Want to stay attentive in your old age? Start doing this

Do you want to stay attentive in your old age? If yes, then start doing meditation. A new study has found that regular and intensive sessions of meditation may help you stay focused and attentive even in advanced years.

Want to stay attentive in your old age? Start doing this

New York: Do you want to stay attentive in your old age? If yes, then start doing meditation. A new study has found that regular and intensive sessions of meditation may help you stay focused and attentive even in advanced years.

 Anthony Zanesco of the University of Miami and lead author of the study said, "This study is the first to offer evidence that intensive and continued meditation practice is associated with enduring improvements in sustained attention and response inhibition." 

He added that meditation has the potential to alter longitudinal trajectories of cognitive change across a person's life.

The study evaluates the benefits that people gained after three months of full-time meditation training and whether these benefits are maintained seven years later.

This research was a follows up on the previous work done by the same team of researchers at the University of California in 2011. 

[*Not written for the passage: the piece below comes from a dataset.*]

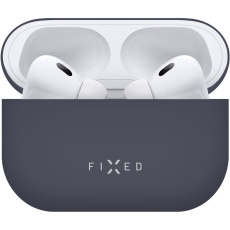 FIXED Silky silikonové pouzdro pro Apple AirPods Pro/Pro 2 modré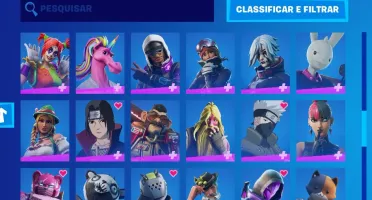 CONTA FORTNITE + 100 SKINS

The 2011 study assessed the cognitive abilities of a group of people who regularly meditated before and after they went on a three-month-long retreat.

After the first group's initial retreat was over, the second group received similar intensive training.

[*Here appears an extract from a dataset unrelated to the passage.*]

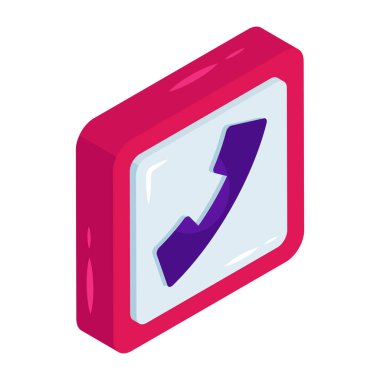 Telefon görüşmesinin simge tasarımı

As part of the study, follow-up assessments were conducted six months, 18 months and seven years after completion of the retreats. 

During the last appraisal, participants were asked to estimate how much time over the course of seven years they had spent meditating outside of formal retreat settings, such as through daily or non-intensive practice. 

The participants who had remained in the study all reported some form of continued meditation practice -- 85 percent attended at least one meditation retreat and they practiced amounts on average that was comparable to an hour a day for seven years.

The participants again completed assessments designed to measure their reaction time and ability to pay attention to a task.

The study was published in the Journal of Cognitive Enhancement.